With these preparations in place, we’re ready to move forward and add smarter analytical capabilities to our Excel automation project.

Installing the New Package

Up until now, our automation scripts have handled basic operations with Excel files. This time, to perform more advanced analyses, we’ll be adding a new tool to our toolkit.

pip install scipy

What Does This Command Add?

SciPy, pronounced “Sigh-pie,” stands for Scientific Python. It’s a powerful library that offers a range of functionalities, including:

  • Statistical Calculations
    • Beyond basic computations like averages and medians, SciPy can detect outliers and perform more sophisticated statistical analyses.
  • Data Analysis
    • Quantifying trends in sales fluctuations
    • Discovering patterns within the data
    • Performing calculations for forecasting

In simple terms, SciPy allows you to execute complex calculations effortlessly, which might be cumbersome to handle manually in Excel.

For Example:

  • “Is the sales growth this month unusually high compared to last month?”
  • “Does the sales pattern of this product correlate with seasonal changes?”

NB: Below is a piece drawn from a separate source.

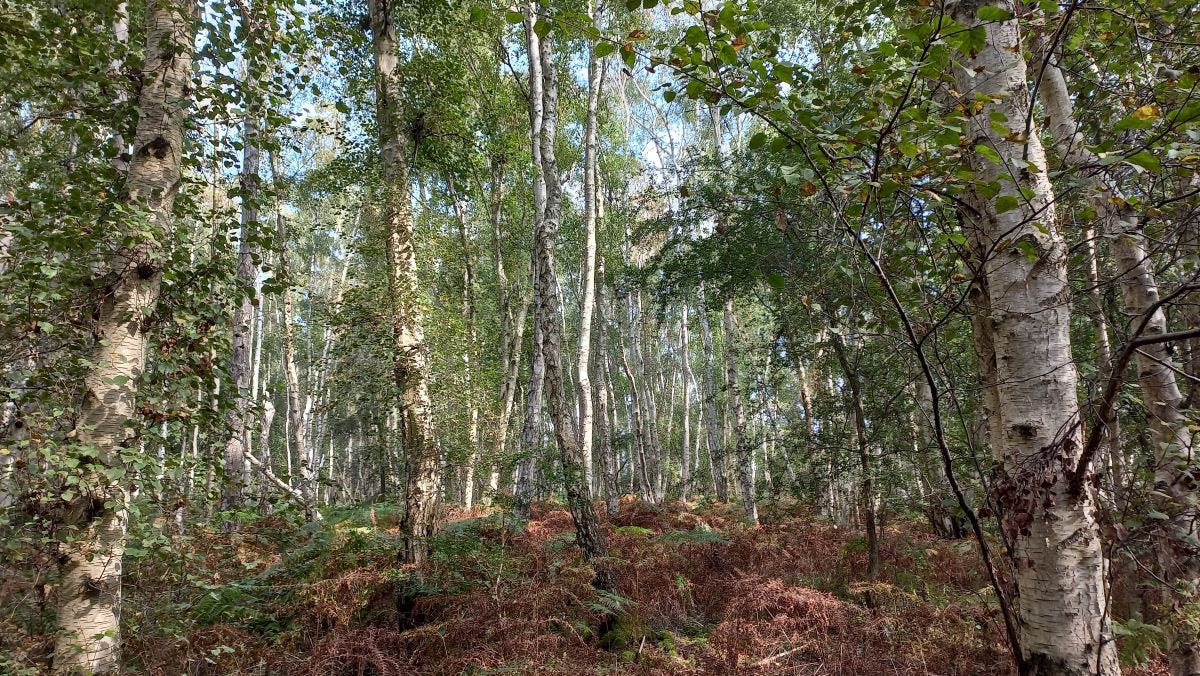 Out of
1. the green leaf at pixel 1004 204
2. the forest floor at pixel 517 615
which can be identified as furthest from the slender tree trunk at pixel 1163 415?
the green leaf at pixel 1004 204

With SciPy, conducting such analyses becomes straightforward. Let’s explore how we can leverage this tool to perform specific analyses in the next steps.

Enhancing Our Analysis Capabilities

By now, we’ve mastered the basics of merging and organizing Excel files. Additionally, we’ve installed SciPy for statistical analysis. Building on this foundation, we’ll gradually incorporate more intelligent analytical features.

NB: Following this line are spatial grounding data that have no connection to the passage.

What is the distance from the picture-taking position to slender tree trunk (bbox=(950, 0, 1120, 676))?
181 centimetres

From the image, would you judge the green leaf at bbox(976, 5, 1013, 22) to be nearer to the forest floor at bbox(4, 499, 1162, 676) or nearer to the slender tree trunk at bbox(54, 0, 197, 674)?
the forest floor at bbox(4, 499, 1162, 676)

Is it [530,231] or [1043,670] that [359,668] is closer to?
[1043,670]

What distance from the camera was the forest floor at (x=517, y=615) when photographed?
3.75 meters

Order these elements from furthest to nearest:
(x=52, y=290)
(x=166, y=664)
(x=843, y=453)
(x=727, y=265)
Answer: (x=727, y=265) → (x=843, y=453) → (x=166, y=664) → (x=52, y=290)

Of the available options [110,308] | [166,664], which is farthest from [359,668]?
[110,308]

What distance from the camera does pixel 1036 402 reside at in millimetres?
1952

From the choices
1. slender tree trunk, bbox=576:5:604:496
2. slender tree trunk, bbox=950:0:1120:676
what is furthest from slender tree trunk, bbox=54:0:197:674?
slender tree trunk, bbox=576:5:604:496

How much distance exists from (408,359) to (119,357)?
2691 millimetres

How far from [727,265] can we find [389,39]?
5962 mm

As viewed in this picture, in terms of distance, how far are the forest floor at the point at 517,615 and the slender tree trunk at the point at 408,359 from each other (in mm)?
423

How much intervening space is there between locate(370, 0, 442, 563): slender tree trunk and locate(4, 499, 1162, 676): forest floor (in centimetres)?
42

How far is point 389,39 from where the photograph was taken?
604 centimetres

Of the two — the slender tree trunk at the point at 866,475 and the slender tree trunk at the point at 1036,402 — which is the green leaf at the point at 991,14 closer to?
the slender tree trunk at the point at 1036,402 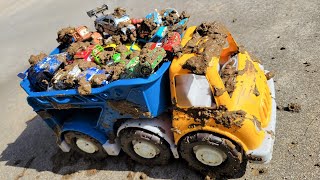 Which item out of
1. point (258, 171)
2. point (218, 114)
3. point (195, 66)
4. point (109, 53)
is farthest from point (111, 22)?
point (258, 171)

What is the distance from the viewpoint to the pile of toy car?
4.95 m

Let’s start by creating a function that automatically identifies key insights from our sales data. Here’s the code we’ll be working with:

import pandas as pd
import numpy as np
from scipy import stats

def discover_insights(df):
    """
    Function to extract key insights from sales data
    """
    insights = []
    
    # 1. Monthly Sales Aggregation
    monthly_sales = df.groupby('Year-Month')['Sales Amount'].sum()
    
    # 2. Identifying the Best Sales Month
    best_month = monthly_sales.idxmax()
    best_month_sales = monthly_sales.max()
    insights.append(
        f"Best Sales Month: {best_month} "
        f"(Sales: ¥{best_month_sales:,.0f})"
    )
    
    return insights

# Main Execution
if __name__ == "__main__":
    # Loading the sample data
    df = pd.read_excel("sales_data_original.xlsx")
    
    # Running the analysis
    found_insights = discover_insights(df)
    
    # Displaying the results
    print("\n===== Analysis Results =====")
    for insight in found_insights:
        print(f"• {insight}")

Code Explanation

Let’s break down the code:

  • Grouping by ‘Year-Month’:
    • The sales data is grouped by the ‘Year-Month’ column, aggregating the ‘Sales Amount’ for each period.
  • Identifying the Top Performing Month:
    • idxmax() finds the month with the highest sales.
    • max() retrieves the sales amount for that month.
    • The insight is then appended to the insights list in a readable format.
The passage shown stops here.